LEGO with Friends: Patrick Norton, Part 3

The knolling of all the container ship pieces is finished, and the team moves on to constructing the Maersk kit! Sticker application begins today, which is always the most nerve-wracking part of a LEGO build. And we keep our promise to resume a story from yesterday. Follow along with with us by signing up for a Tested Premium Membership here!

Comments (15)

15 thoughts on “LEGO with Friends: Patrick Norton, Part 3

  1. Ya know… you could at least pretend this wasn’t one long shoot, cut into pieces… Change your shirts and and maybe run your fingers through your hair to fake passage of time

    Lie to me… I won’t out ya’s

    ,-)

  2. shipspotters are a special sort oft nerd indeed. I’m a naval architect, so I have more of a professional interest mixed into the ship nerdery.

    Maersk Line has long been on the leading edge of the race to bigger box ships. Until fairly recently they had their own shipyard in Denmark that turned out successive families of the biggest container ships, culminating in the E class, predecessor to the triple E that you are building.

    E and triple E are different ships in a lot of interesting ways.

    The E class is a single engine, single screw ship, pretty slim even for a box carrier and fast, 25 knots tops. It has the accommodation in the middle, with the engine below it. That makes for more cargo space, but necessitates a very long shaft to the propeller aft which is problematic. The bridge in the middle limits how high you can stack the containers on the bow. The single 80mw engine is the limit of what is feasible in one engine. Some would say it is beyond reasonable.

    It’s a boat that was designed in a container shipping boom. Rates were good, containers needed to be fast to make money. So the E class can carry a lot of containers fast. They crammed as many containers as possible into a fast ship. The economy of scale works out like this: make the boat bigger, carry more containers at the same speed of a smaller one, more containers shipped for less cost.

    Then we sailed into a global recession and shipping is in a crisis ever since. There are too many ships for not enough cargo. So, everybody started slow steaming. Fuel consumption rises almost exponentially for ships, so slowing the boats down saves a lot of money per container carried instantly. It also means there is space for more ships on the conveyor belt from China to Europe.

    This guides the design of the triple E. Length is almost the same, but they are broader and fuller compared to the E class. The two 32mw engines are proven medium size engines, very efficient. Splitting the engine compartment from the accommodation allows for more deck containers, makes the engine installation less troublesome and the hull stiffer.

    The triple E is made for slow steaming. Carry a lot of containers very efficiently at a drastically reduced speed, just fast enough to be competitive. It’s all about cost per container per mile. One big ship is cheaper to operate than two smaller ones. That is why everyone who can afford it, and a lot who technically can not, are still building bigger and bigger ships. Even though we have had more ships than cargo for years now.

    That’s why I find the comparison between these two ship classes especially fascinating. They are designs of their time and represent two distinctly different interpretations on economy of scale.

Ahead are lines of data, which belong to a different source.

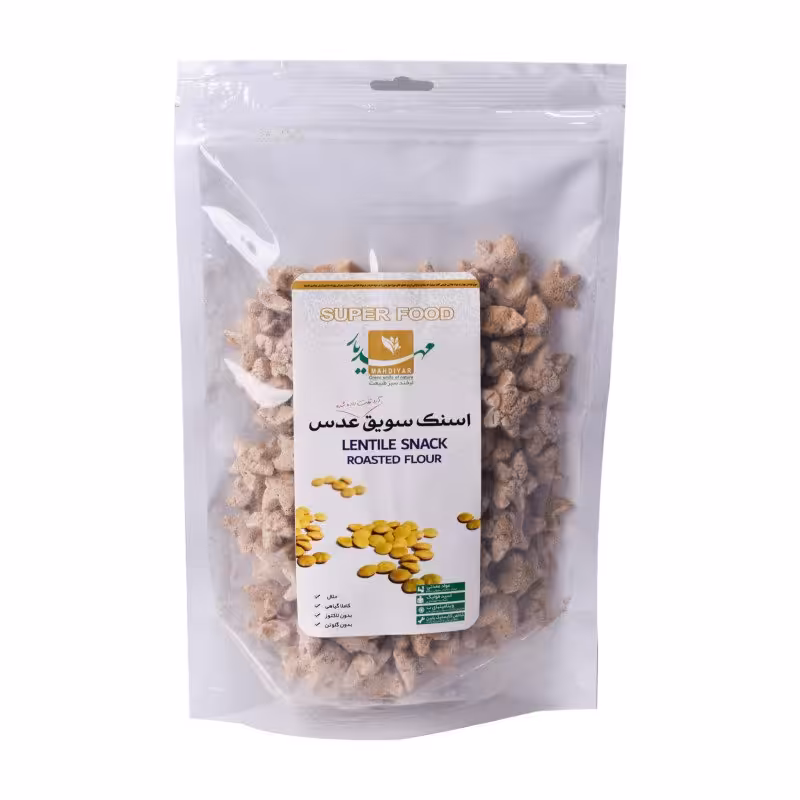 اسنک سویق عدس مهدیار 100 گرمی( جایگزین سالم پفک و چیپس)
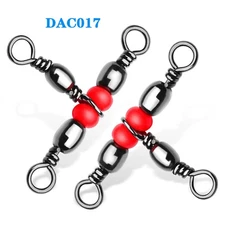 Lot 20pcs Fishing Fastlock Snaps swivel Trident pin 8-shaped ring connector 1-7#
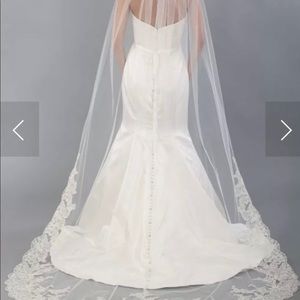 New Bel Aire Bridal Cathedral Length Veil in Ivory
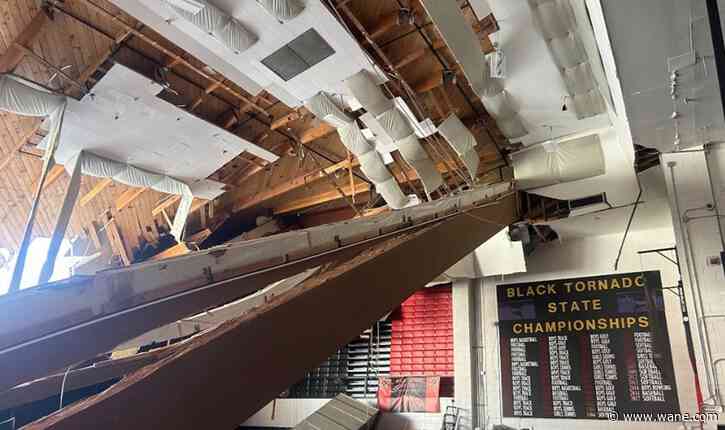 WATCH: School gym roof collapses under 350 tons of snow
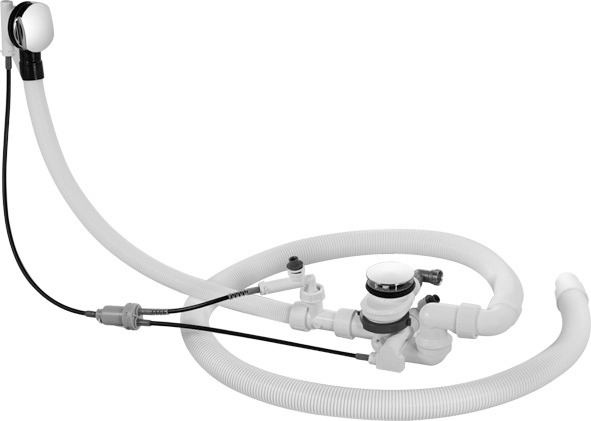 Duravit Ab- und Überlaufgarnitur für Badewannen mit Zulauf Modell 791254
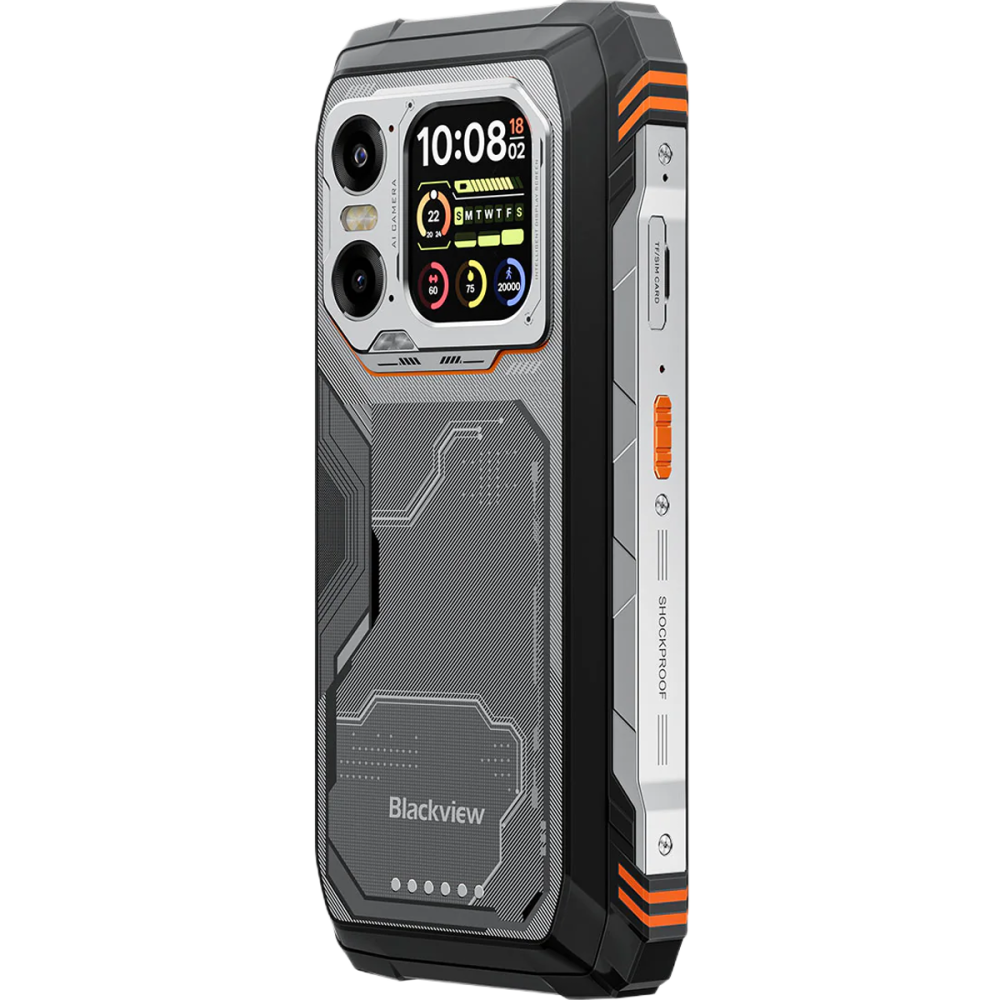 Telefon rugged Blackview Xplore 1 5G Dual SIM 16GB+ 512GB Dual Display 6.78" 2K 120Hz + 2-inch NFC 20000mAh Android 15 Orange [6]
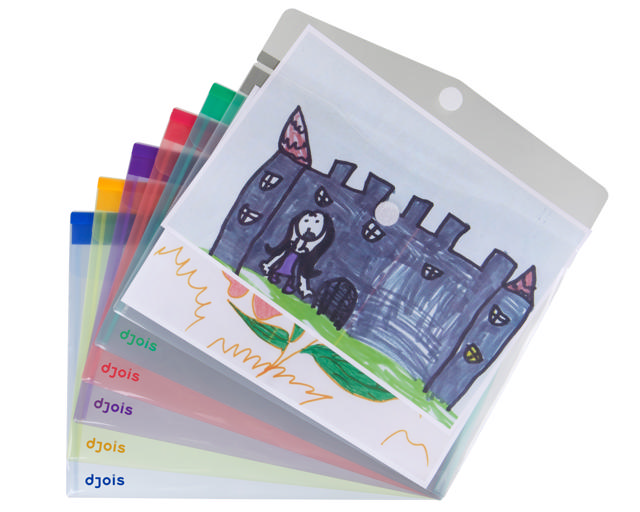 Farve Collektion dokumentmappe, A4, vandret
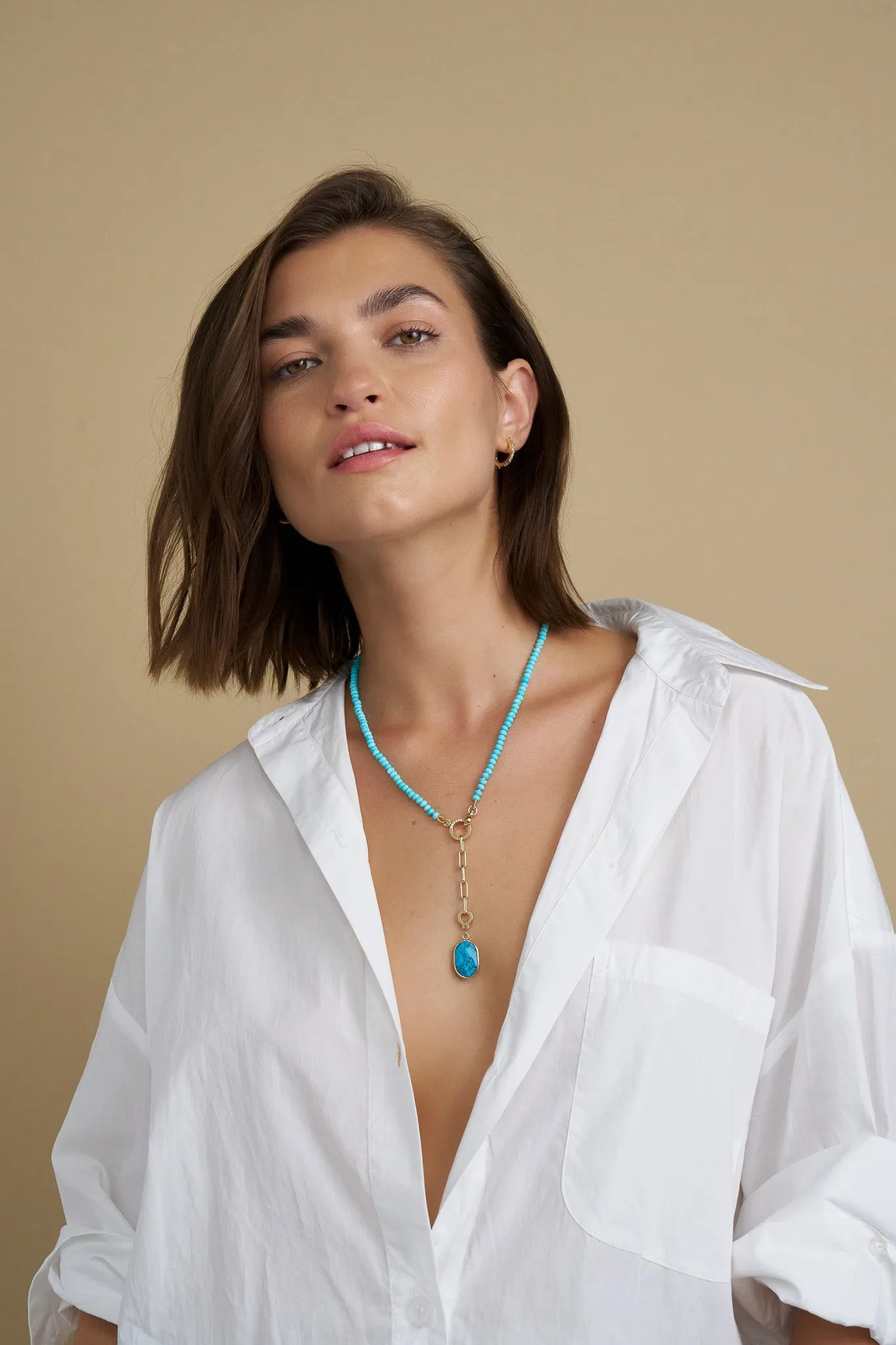 Turquoise Silver Tatum Charm sold by Stella & Dot product image thumbnail 2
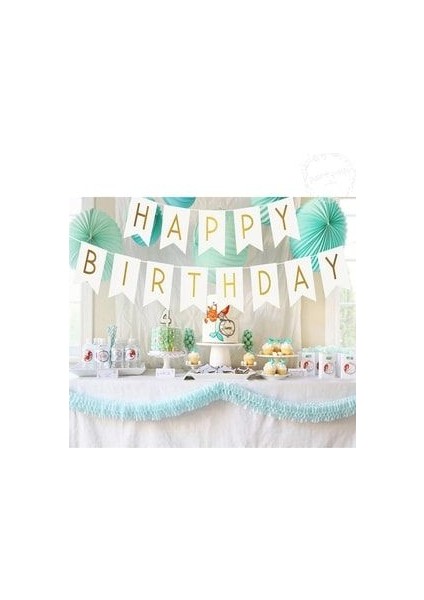Happy Bırthday Banner Yazı ve Konfetili Şeffaf Balon Seti fiyatları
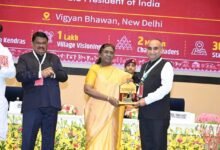 National Conclave 2025: Adi Karmayogi Abhiyan National Conclave 2025, Dr. Lalit Shukla of Ambikapur district received the Outstanding State Master Trainer Award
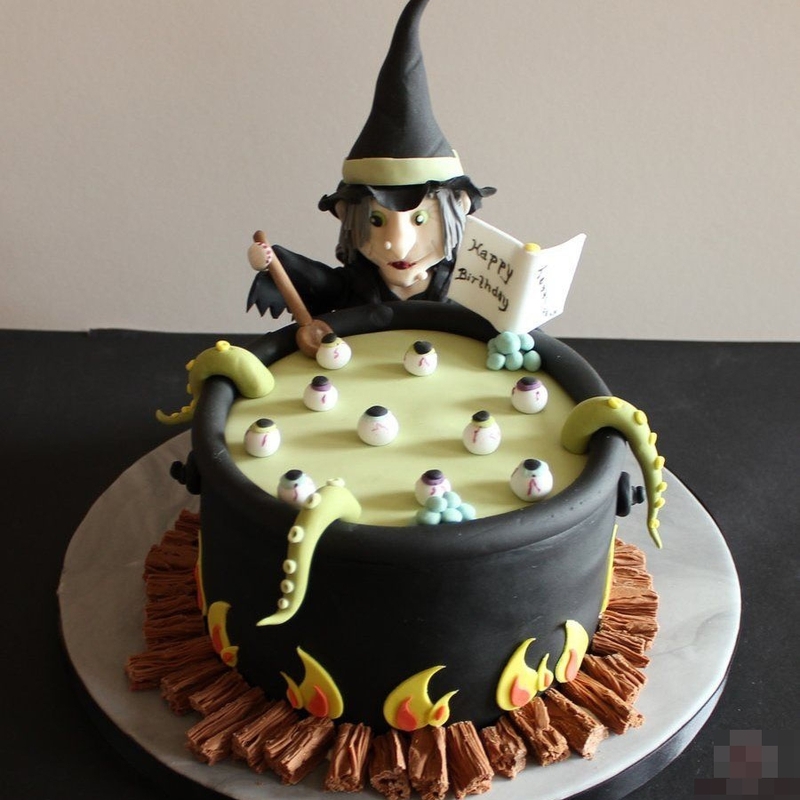 bánh kem halloween (hình 7)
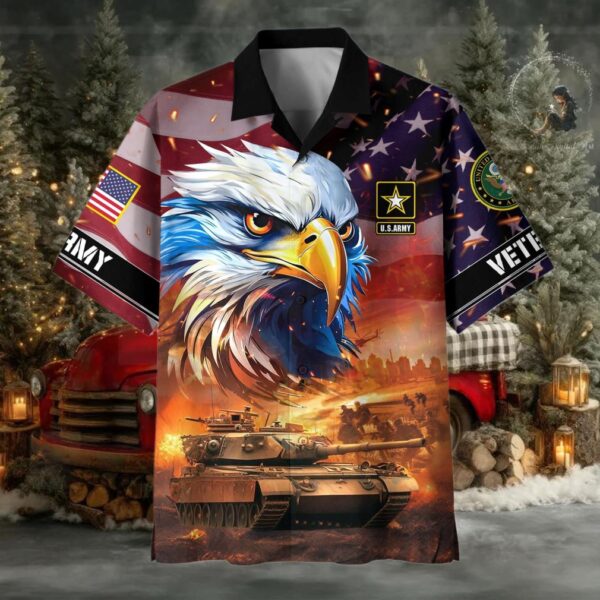 Official Honoring All Who Served US Veterans Hawaiian Shirt BPVC310701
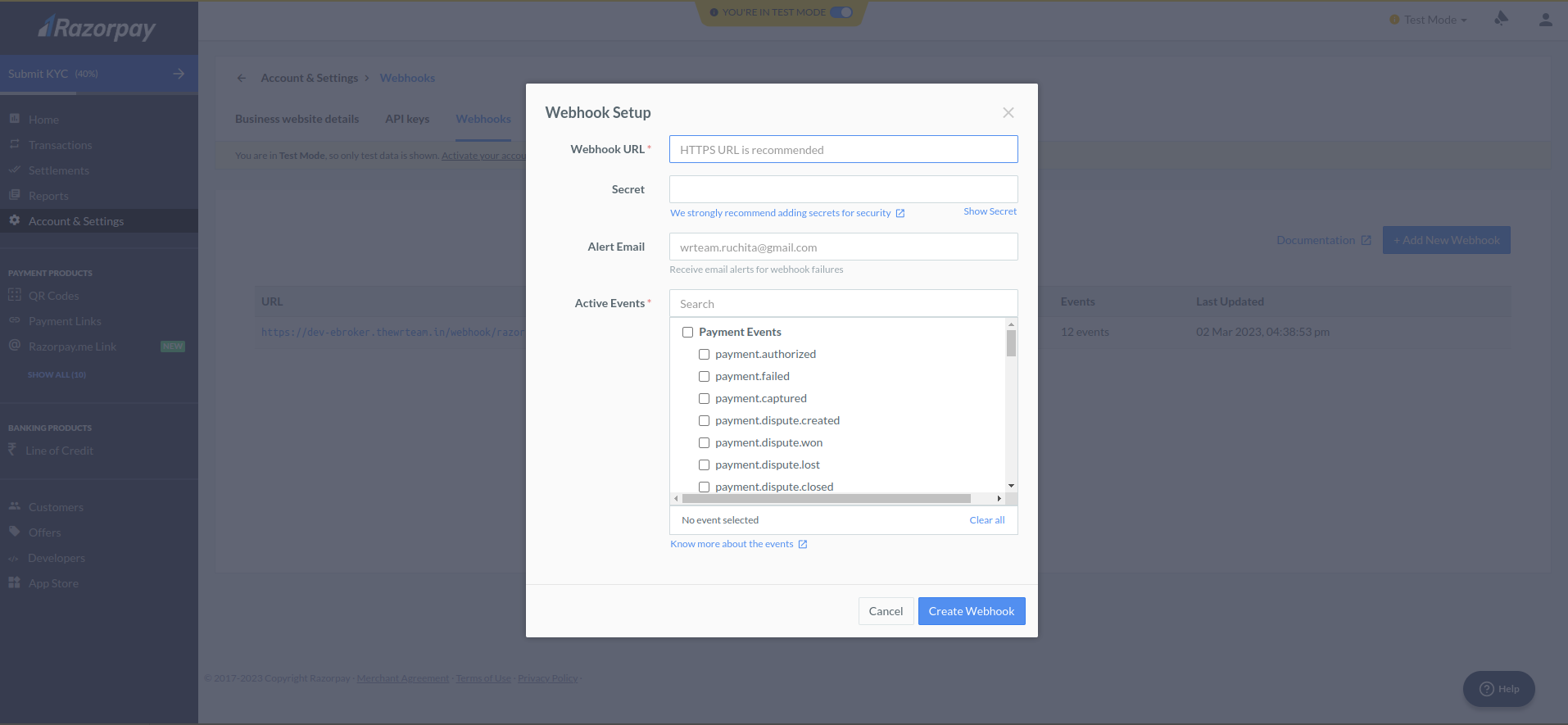 Razorpay Step 2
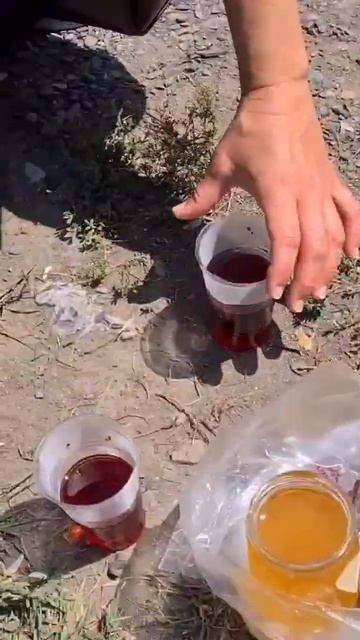 Ингушетия - 2022. Мёд на берегу горной реки.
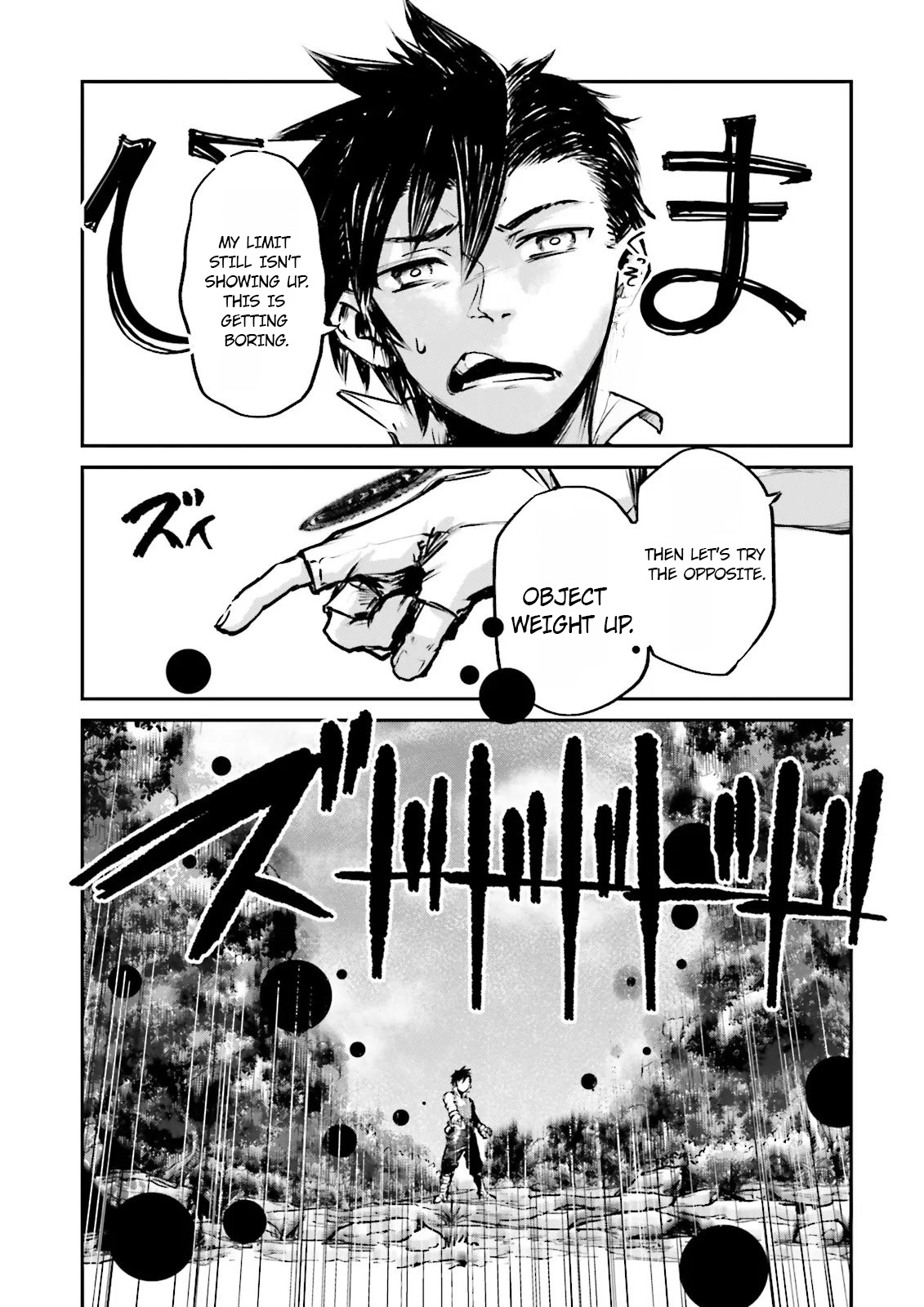Noroma Mahou to Yobareta Mahoutsukai wa Juuryoku Mahou de Musou suru - Mada Juuryoku no Gainen no nai Sekai nite, Shounen wa Banyuuinryoku no Ou to naru Chapter 25 — Page 25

  3. I’d love for you guys to try out some telescopes and do some astrophotography. Maybe you can find some local astronomers/astrophotographers and do some interviews?

  4. That’s a great idea! I had a roommate once who was an amateur astronomer, and he built his own 4in refractor telescope. He dreamt of having an autoguider mount thingy, that would track the sky for a long exposure. I believe he does have one now, twenty years later.

    Anyway, there are a lot of opportunities for making, and learning about, new nerdy gadgets in astronomy.

  5. Oh man look at all of those stickers…. Guuuuh that’s almos enough for me to re-consider having this on my lego wishlist.

  6. 18,400, containers…. The darkest place I have seen was in Afghanistan in Kunar Province… very beautiful night sky, used a telescope that I brought and saw so many stars that I could never see at home. I liven an area that fines you if you use external lighting because of sea turtles.

  7. I cant wait for the day when I hear of an experience, whether it be seeing a sky out at sea with stars all around, or riding an old steam engine and see an old workshop that is historically accurate, or out on the san francisco bay, and being able to experience it in VR. 360 video or eventually that photo realistic render in the far future.

  8. I know this is old, but I’ve only just started watching this particular LEGO with Friends.

    Australia is a great country for Dark Sky. Sure, not around the cities. But you don’t have to drive to far (by Oz standards) to get a spot with not a lot of light pollution.

    Additionally, back in 1998, I went to parts of the Middle East on a holiday. We spent the night on the top of Mount Sinai in Egypt (where Moses is meant to have received the 10 Commandments). The night sky was amazing. I still remember that night, spent out in the open. We lost count of the satellites you could see with the naked eye, so clear was the sky and also due to the lack of light pollution.